• WHAT TO WORK ON
Set the data down again, exactly as it reads, but without the pictures.

[Data records]

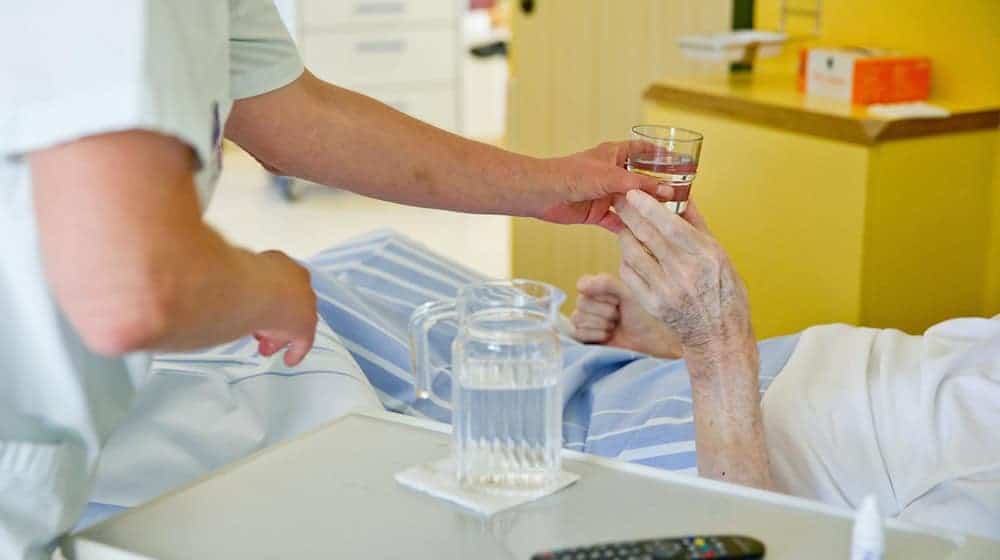 Eine Krankenpflegerin reicht einem Patienten ein Glas Wasser. / Foto: Daniel Karmann/dpa/Archivbild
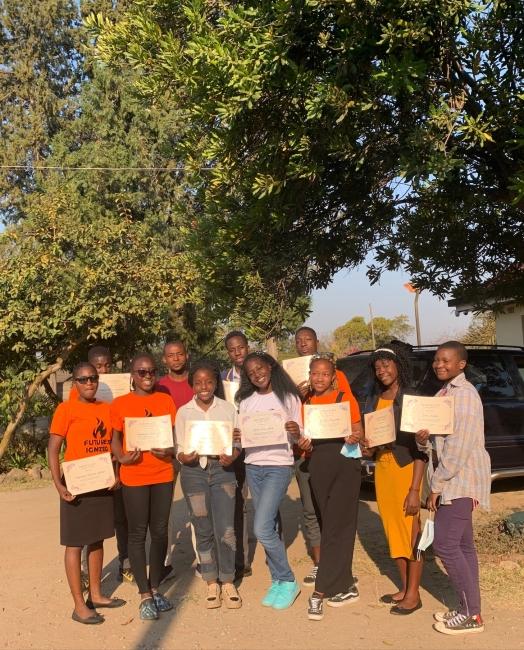 a group of young Black people holding certificates outdoors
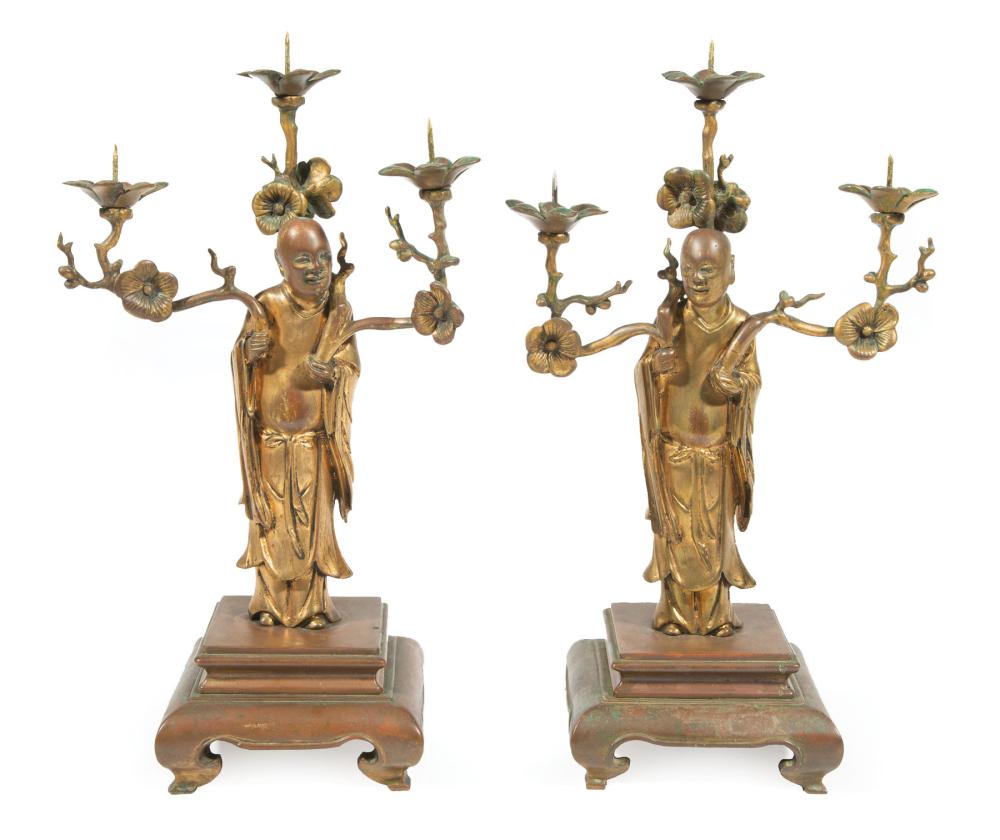 Appraisal: Good Pair of Chinese Gilt Bronze Figural Three-Light Pricket Candle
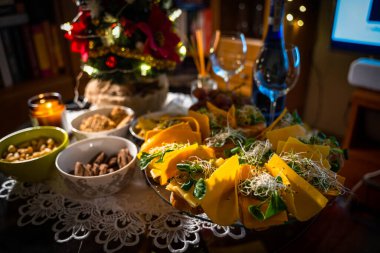 Snacks for wine on the buffet table. Cold snacks such as cookies, nuts, sandwiches with salmon and cheese and nachos. Party snacks table showing christmas or new year celebration concept clipart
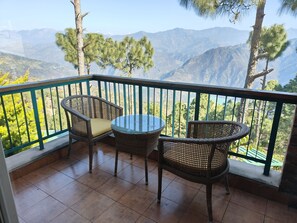 A balcony with wicker furniture and a view of mountains.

• EXERCISE RESULT
 Eine Krankenpflegerin reicht einem Patienten ein Glas Wasser. / Foto: Daniel Karmann/dpa/Archivbild
 a group of young Black people holding certificates outdoors
 Appraisal: Good Pair of Chinese Gilt Bronze Figural Three-Light Pricket Candle
 Snacks for wine on the buffet table. Cold snacks such as cookies, nuts, sandwiches with salmon and cheese and nachos. Party snacks table showing christmas or new year celebration concept clipart
 A balcony with wicker furniture and a view of mountains.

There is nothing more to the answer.